IN THE UNITED STATES DISTRICT COURT FOR THE WESTERN DISTRICT OF MISSOURI WESTERN DIVISION
THREE DOG BAKERY, LLC, ) ) Plaintiff, ) ) v. ) No. 4:25-cv-00217-DGK ) CRIT, INC., et al., ) ) Defendants. )
ORDER GRANTING MOTION FOR PRELIMINARY INJUNCTION
This case arises out of a soured business relationship between a franchisor and franchisee. Plaintiff Three Dog Bakery, LLC alleges that Defendants Crit, Inc. (“Crit”), Robert Critselous, and Paula Critselous breached the franchise agreement and misappropriated Plaintiff’s trade secrets when they opened a pet bakery out of the same location in Bentonville, Arkansas that they previously operated Plaintiff’s franchise out of, which, coincidentally, was also a pet bakery. Now before the Court is Plaintiff’s Motion for Preliminary Injunction. ECF No. 3. Plaintiff requests a preliminary injunction enjoining and restraining Defendants from violating the franchise agreement’s noncompete provision and using its confidential information, licensed marks, equipment, and processes. After carefully reviewing the motion and the existing record, the Court holds Plaintiff has met its burden for the Court to issue a preliminary injunction. The request for preliminary injunction is GRANTED. Background The relevant facts are set forth in the Verified Complaint, ECF No. 1, and are not in dispute. These facts are as follows. Plainitff owns a system for the establishment and operation of Three Dog Bakery branded stores, called Fresh Bakeries, that sell fresh baked goods for pets. Each Fresh Bakery bakes personalized fresh cakes, muffins, pastries and novelty baked items on site for sale, and offers pre- made dog food, dog cookies, dog biscuits, dog training treats, and cat treats supplied by Plaintiff.
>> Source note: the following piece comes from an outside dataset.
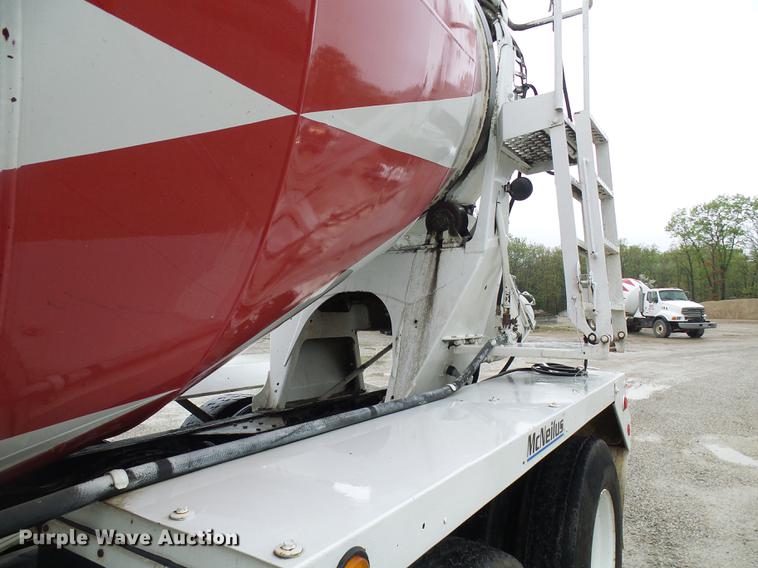 image for item DF7223 2004 Sterling LT8513 ready mix truck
As the only pet store concept selling fresh baked goods, Plaintiff has distinguished itself from its competitors by providing fresh-baked products to its clients. As part of its business, Plaintiff licenses others to operate Fresh Bakeries using its licensed marks, system of operation, and confidential business information including proprietary recipes, production equipment, bakery systems, customer information, and operation manuals and techniques (collectively, “Confidential Information”). Under this model, franchisees not only pay Plaintiff royalties and marketing fees, but purchase specialized products and ingredients from it. On or about March 31, 2015, Robert Critselous executed a franchise agreement on behalf of Crit and began operating a Three Dog Bakery in Bentonville, Arkansas (the “Franchise”). The franchise agreement was renewed in December 2021 which extended the Franchise’s term to
December 7, 2026. The franchise agreement contained several provisions relevant to the instant motion. Under the agreement Defendants were: (1) required to pay a monthly royalty and marketing fee; (2) given access to Plaintiff’s Confidential Information; and (3) prohibited from operating a competing business within fifty (50) miles of the Franchise or any other Fresh Bakery for two (2) years. The franchise agreement also gave Plaintiff the right to assume the Franchise’s lease and operate the Fresh Bakery in the event Defendants terminate the agreement. In July 2024, Defendants ceased buying products from Plainitff, and several months later, began withholding royalty and marketing fee payments. In March 2025, Plaintiff learned the Defendants had ceased operating the Franchise and, instead, began operating Drooly’s A Dream Dog Bakery (“Drooly’s”) from the same location serving the same customers. One of Plaintiff’s top selling dog treats nationally, as well as at the Franchise, is the “Drooly Dream Bar.” Based on the parties’ briefing, Plaintiff was not given an opportunity to assume the lease as permitted by the
franchise agreement. Plainitff sent an independent investigator to the Franchise on March 17, 2025. At that time, Plaintiff’s trademarked logo still appeared above the storefront and on its door. In addition, Defendants were using Plaintiff’s Confidential Information, including but not limited to, its proprietary recipes and designs. For example, one of the dog treats in Plaintiff’s Operating Manual is a green beer mug called “GRR-een Beer Cookie.” Defendants were selling identical beer mug treats called “GrrEEN BEER COOKIE.” Since this case was filed, Defendants have removed some of Plaintiff’s signage from the Franchise and are apparently no longer using Plaintiff’s recipes, products, or manuals. However, it is unclear whether any of Plaintiff’s Confidential Information has been returned.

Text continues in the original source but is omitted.